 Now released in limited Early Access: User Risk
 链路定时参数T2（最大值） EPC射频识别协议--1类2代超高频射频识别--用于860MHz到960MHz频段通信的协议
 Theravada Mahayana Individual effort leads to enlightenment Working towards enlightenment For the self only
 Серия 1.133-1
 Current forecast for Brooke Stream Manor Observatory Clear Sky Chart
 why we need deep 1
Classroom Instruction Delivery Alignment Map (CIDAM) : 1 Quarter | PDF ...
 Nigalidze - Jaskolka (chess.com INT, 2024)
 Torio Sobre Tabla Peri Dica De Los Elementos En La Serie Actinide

* * * * *

• Goal of the exercise: Look back at the records above. Repeat all of them exactly.

• Exercise response:
 Now released in limited Early Access: User Risk
 链路定时参数T2（最大值） EPC射频识别协议--1类2代超高频射频识别--用于860MHz到960MHz频段通信的协议
 Theravada Mahayana Individual effort leads to enlightenment Working towards enlightenment For the self only
 Серия 1.133-1
 Current forecast for Brooke Stream Manor Observatory Clear Sky Chart
 why we need deep 1
Classroom Instruction Delivery Alignment Map (CIDAM) : 1 Quarter | PDF ...
 Nigalidze - Jaskolka (chess.com INT, 2024)
 Torio Sobre Tabla Peri Dica De Los Elementos En La Serie Actinide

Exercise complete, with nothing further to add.